Anti-Net Neutrality: Ugandan WhatsApp tax

Seeing stories like the recent Ugandan “social media tax” is a direct attack on net neutrality. The Ugandan government is hiding behind an obscure excuse that they are trying to curb online gossip in their country by taxing those who use various social media platforms via their mobile phones. Personally I am not exactly sure how this 200 Shilling tax is going to stop me gossiping?

While this is clearly a huge political play from the Ugandan government and not a direct affront on net neutrality, there is a link as they are essentially curtailing the freedom of expression that Ugandans currently enjoy online.

FCC against Net Neutrality

Late in 2017, the FCC in the US voted to repeal net neutrality protection laws which were put in place in 2015. Under the new order, broadband internet will no longer be classified as a Title II service and the added regulations that go along with that classification will be removed.

ISPs are now free to practice blocking, throttling and paid prioritization as long as they disclose those practices as per a new transparency requirement.

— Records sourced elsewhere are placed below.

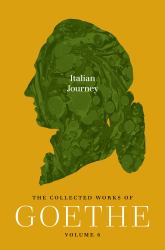 Italian Journey : The Collected Works of Goethe, Volume 6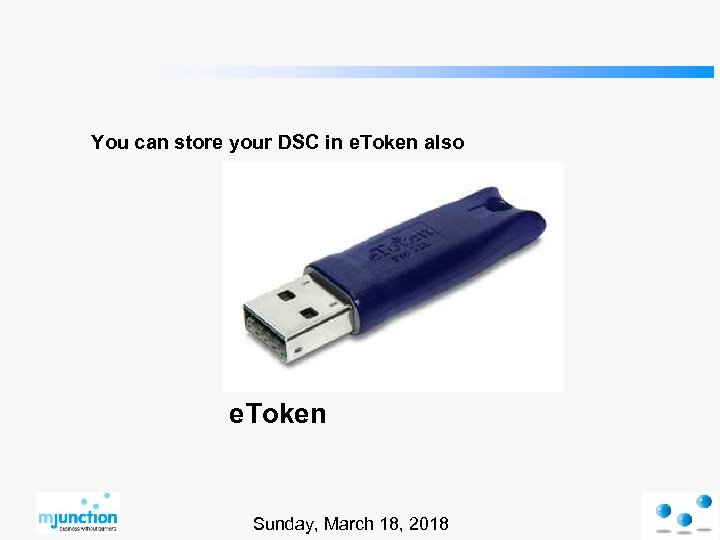 You can store your DSC in e. Token also e. Token Sunday, March 18,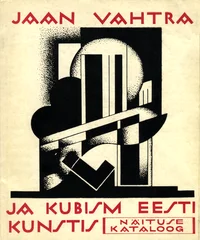 Jaan Vahtra ja kubism Eesti kunstis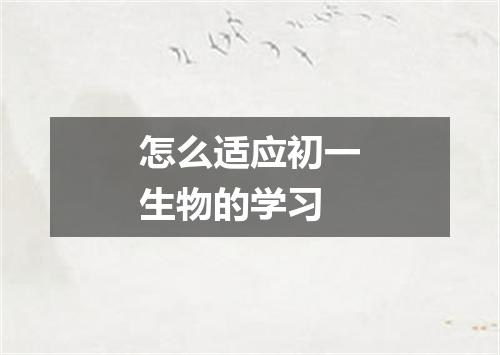 怎么适应初一生物的学习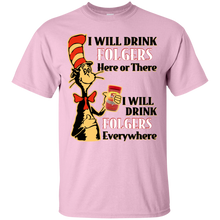 Load image into Gallery viewer, Dr Seuss I Will Drink Folgers Here or There Shirt HA01 - dr-seuss-i-will-drink-folgers-here-or-there-shirt-ha01-vivianstorescom-4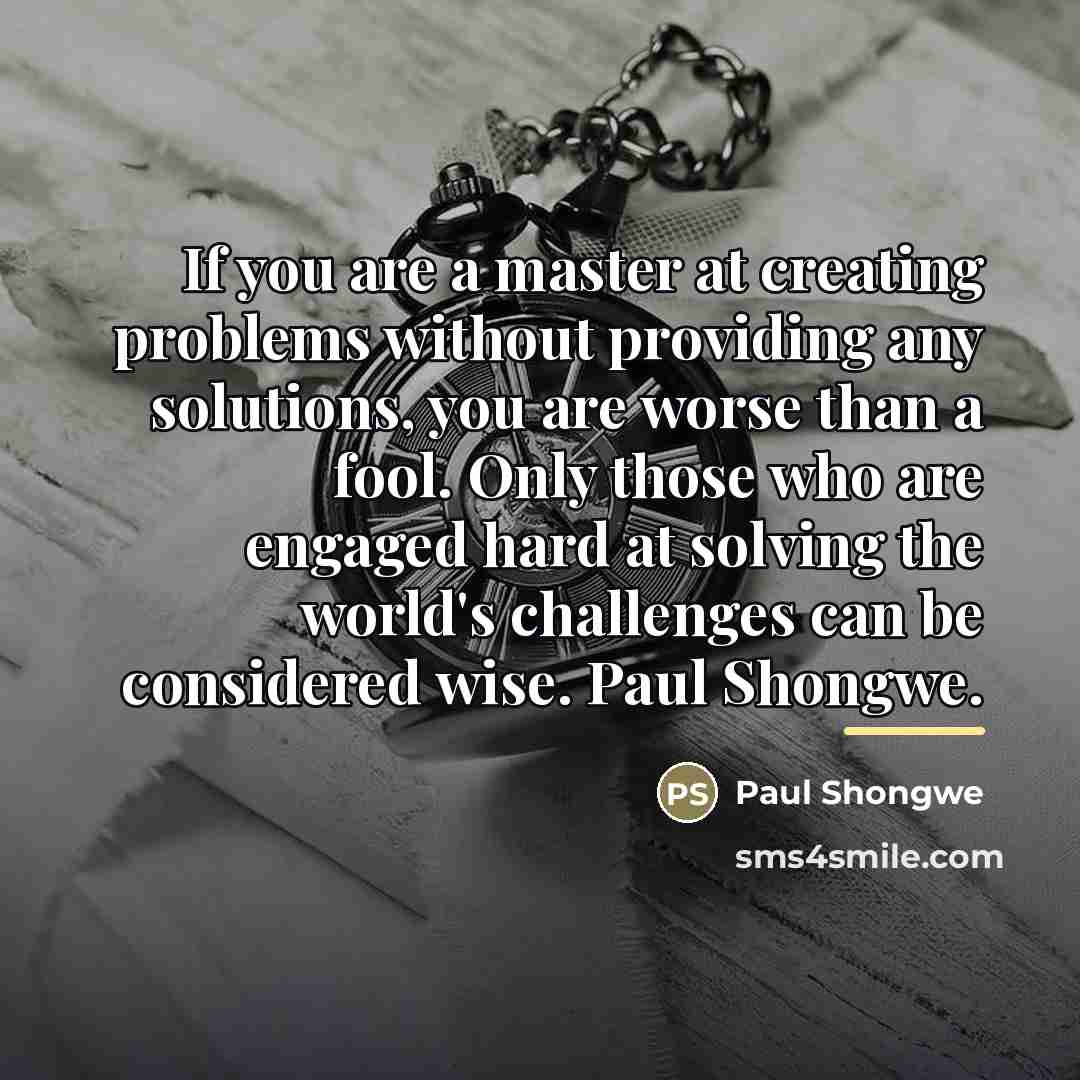 “If you are a master at creating problems without providing…” quote by Paul Shongwe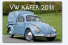 Der Käfer-Kalender 2011: Ein Muss für alle luftgekühlten Auto-Fans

How do the big boys feel about net neutrality?

In theory Google, Microsoft, Facebook, and other publishers such as Netflix are officially opposed to net neutrality. And that makes sense.

“An open internet is critical for new ideas and economic opportunity — and internet providers shouldn’t be able to decide what people can see online or charge more for certain websites,” COO of Facebook Sheryl Sandberg wrote.

“We’re ready to work with members of Congress and others to help make the internet free and open for everyone.”

Netflix and Microsoft’s Chief Legal Officer Brad Smith echoed similar thoughts.

These reactions make sense. These platforms rely on as many people being able to experience their content as possible. The need a neutral internet as they have the most to lose. If there is no audience, they have no revenue.

The ISPs have the most to gain as they will effectively be able to double dip.

Double Dipping

First, the consumers (us) will have to pay a higher premium to get access to premium content on a faster smoother internet pipe.

Second, the content providers will have to pay the ISPs to put their content into unthrottled and unblocked pipes.

What I find interesting about the content providers position (particularly Facebook) is that there is an element of anti-net neutrality behaviour in their product offerings. Think about the recent alterations to the Facebook algorithm that basically destroys any form or organic discovery and reach on your content and forced brands to “boost” their content to get it seen by a relevant audience.

I agree that you can argue this away as part of the free market economy and capitalism.

The problem I have though is that this is prioritization or paid for content. The very core of net neutrality is that all content should be served equally.

Google straddles this line as well, although I would say slightly more fairly. You have the choice to pay for your position on the Google AdWords platform, or you can make sure that your content is deemed context rich and relevant by the search giant and rank organically.

Google still gives organic discovery a chance. The company has not altered its search algorithm to give preference to AdWords clients over non-AdWords clients. That is net neutrality; that is unprioritised.

Net neutrality and digital transformation

If we take this to the nth degree, net neutrality as some interesting consequences on your digital transformation.

Granted a lot of digital transformation is internal. Digital transformation is about changing the way your systems and process work so that you can better service your client. But the other side of digital transformation is about reaching your client when and where they want to be reached. And let’s face it; clients want a digital experience. They want to be found online.

Every day brands have the most to lose. An internet that is not neutral does not support innovation. It does not support free trade and certainly is anti-competitive.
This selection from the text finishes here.